I.       Holy Intrusions Remind Us of Who is in Charge. 

Although it was a surprise to all and traumatic for some, Christmas came exactly as God had planned.

Gal 4:4,5 “When the time had fully come, God sent forth his Son, born of a virgin, born under the law, that he might redeem them which were under the law, that we might receive the adoption of sons.”

1.     Sometimes life is divinely interrupted because our plans run counter to God’s plans.
·        Living life with God means understanding that God will have God’s way. It means understanding that He has a plan and is working out His plan and whether we are in agreement with it or not, whether we understand it or not, whether it fits our schedules or agendas or not, God’s plan will go on on schedule.

·        It’s often not that our plans are bad or wrong, it’s just that when our plans conflict with the plans God has for us and the plans he has for the world, then we are the ones who will need to make the adjustments. God’s plans for us will go forward.

2.     I call these holy intrusions – those things that interrupt us and cause us to readjust our lives.

·        This Christmas make room for some divine disruptions in your life, because if you have not learned it already, that’s where the miracles of life take place. Truth be told, Jesus’ entire life was a series of holy interruptions – either by him or to him.

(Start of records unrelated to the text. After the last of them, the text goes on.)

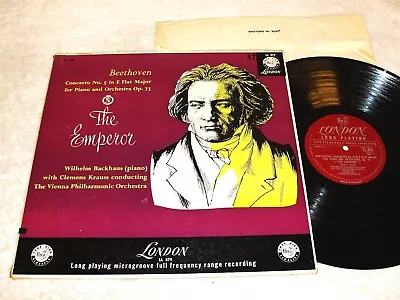 Wil Backhaus/Krauss/Vienna  Beethoven: The Emperor  1954 LP VG+ LL.879 2D/2D • $9.95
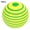 Yellow, Green, variant on Riousery 50 Count Lightweight EVA Foam Golf Practice Balls, Striped Rainbow Indoor Training & Pet Cat Entertainment Toy (1.38 inches / 35 mm), 6 Colours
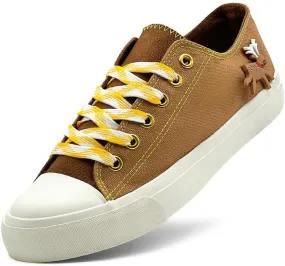 Womens Mens Canvas Sneakers Low Top Shoes for Women Men Classic Lace Up Canvas Sneakers Fashion Walking Running Sneakers Casual Tennis Shoes Lightweight Comfortable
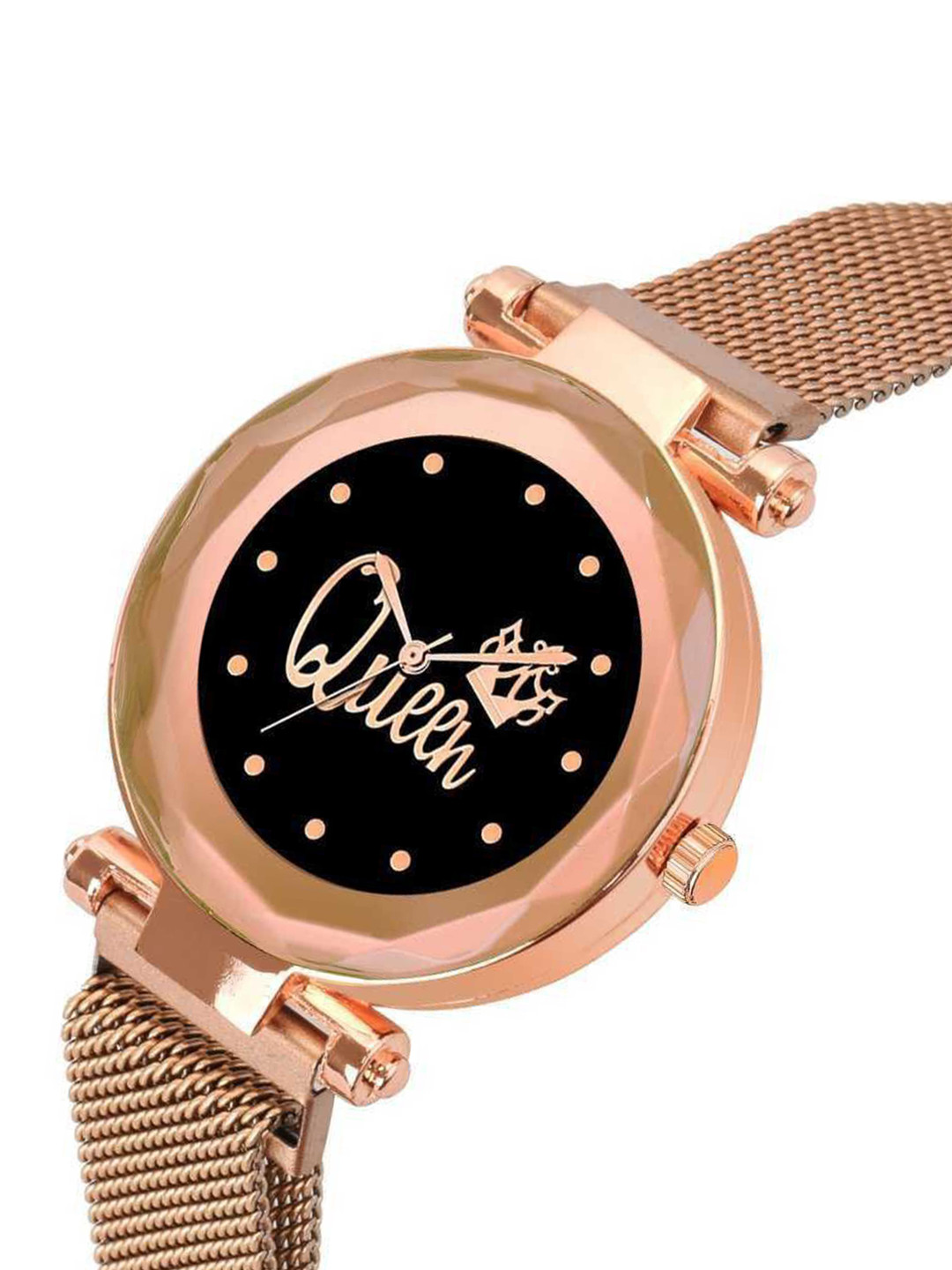 Miss Perfect Women Printed Dial & Bracelet Style Straps Analogue Watch QW420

·        He interrupted the fishermen and said follow me, and I’ll make you a fisher of men. He interrupted the woman at the well and said believe in me. He interrupted the pity party the sisters were having for Lazarus and told him to get up from the tomb. He interrupted his own mountainside worship service to secure a little boy’s lunch in order to feed 5000 people. He interrupted his trip to see about a dying 12 year old girl to tend to the needs of a bleeding woman.


Christmas comes to remind us that our job is not to get God on our program, but to get on God’s program. Because miracles happen when we get on his program.

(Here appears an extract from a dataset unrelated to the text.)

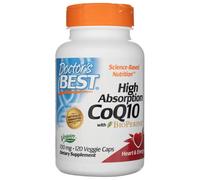 Doctor's Best CoQ10 de Alta Absorción con BioPerine 100 mg - 120 Cápsulas Vegetales
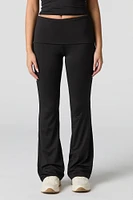 Contour Foldover Waist Flare Pant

II. Holy Intrusions Invite Us to Join God in His Agenda.

 Ryan Dueck blog:

A wise friend and mentor once told me to be very careful to cultivate what he called a “theology of holy interruptions.” “Sometimes God speaks in the unplanned, unexpected, even apparently annoying human interjections in our days,” he said. “Make sure you don’t allow your other ‘important work’ to trump the divinely appointed conversations that might cross your path when you least expect or want them.”
 
1.     Are you able to discern the difference between an inconvenience and an opportunity?

·        Jesus was a master at recognizing the divine disruptions in his life. I think of the countless healing stories, or teaching moments, when Jesus hears the intrusive cries of those clamoring for his attention, and somehow manages to let go of his own agenda, to abandon his own schedule, to forget about the many things in favor of the main thing.

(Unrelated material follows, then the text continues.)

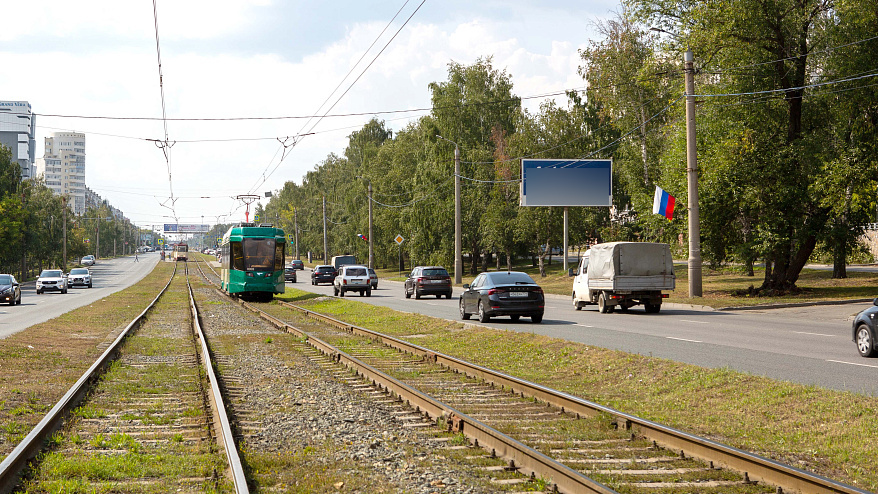 Фотография рекламного носителя, тип: Билборд 3x6, адрес: Победы пр-т., д.312, Челябинск, Челябинская область, Россия. Сторона A1 №952560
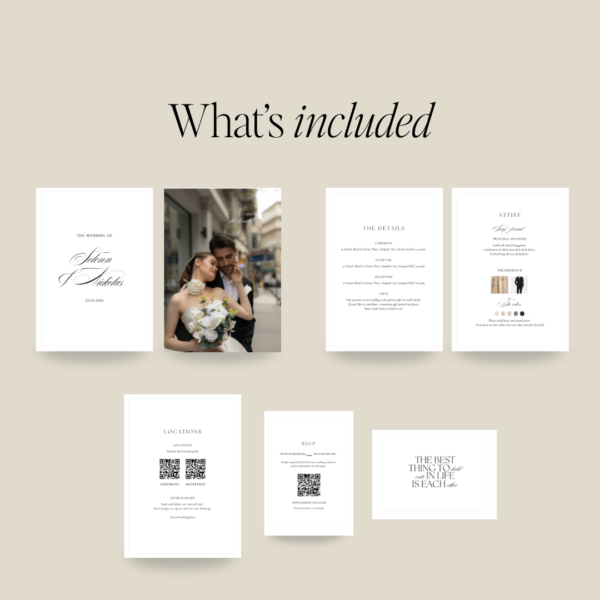Modern Wedding Invitation - Love, D. Concepts - Philippines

·        I don’t know about you, but in my life, there are many days when taking the time to see what is going on around me, or broadening my perspective even a little bit seem like too great a task. But what a miracle it is, when I am able to let go of my own agenda, and pay attention to that broader perspective just long enough to recognize a holy interruption when it occurs.

·        A holy intrusion is an opportunity to take the Gospel seriously. It is a chance to sort out the “main thing” from the “many things”.

2. What’s required to recognize holy intrusions and respond accordingly?

           1)    Spiritual Discernment—comes from one’s intimate relationship with Christ

2)    Humility/ servant spirit—allows intrusions to move from inconvenience to opportunity.

3)    Courage- See where He is moving and courage enough to join Him.
 

CLOSE:

Life is not so much about how well you plan, but how you align yourself with God’s plan and how you recognize and respond to holy interruptions.